→ **PROBLEM DETAILS**: Lines from the one containing "A bed or beds" through the last line of the data are to be returned exactly, both ends included, minus any pictures.
● ● ● ●
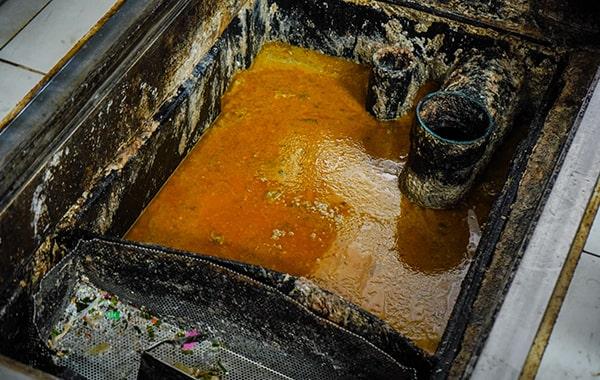 regular grease trap cleaning can prevent costly plumbing concerns and reduce the risk of fines, saving you money in the long run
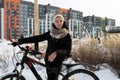 Lifestyle concept, young woman riding a sports bike in winter Royalty Free Stock Photo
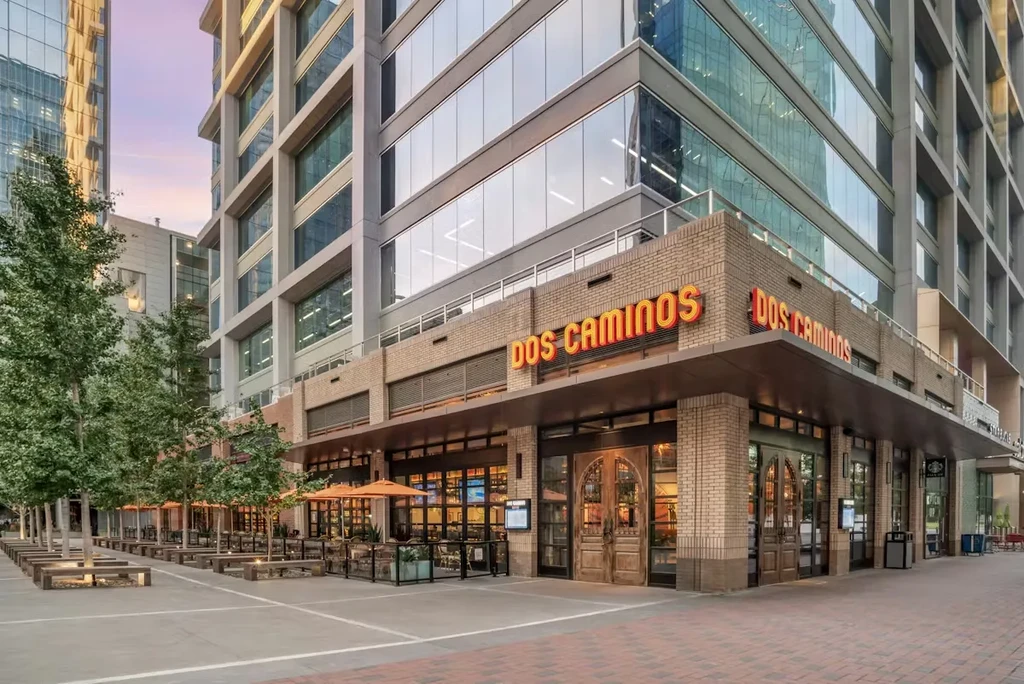 Dos Caminos restaurant facade with outdoor seating and orange umbrellas.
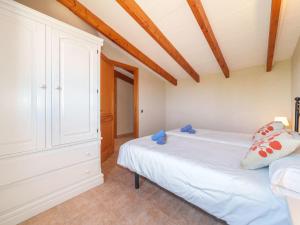 A bed or beds in a room at Holiday Home Can Butxet by Interhome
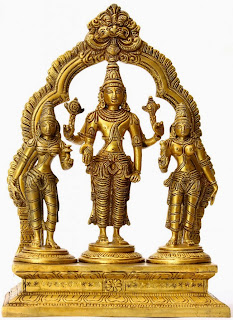 Vishnu, the benevolent lord, flanked by Shreedevi, goddess of heavenly fortune and Bhoodevi, goddess of earthly wealth; South Indian bronze idols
● ● ● ●
→ **EXERCISE RESULT**:
 A bed or beds in a room at Holiday Home Can Butxet by Interhome
 Vishnu, the benevolent lord, flanked by Shreedevi, goddess of heavenly fortune and Bhoodevi, goddess of earthly wealth; South Indian bronze idols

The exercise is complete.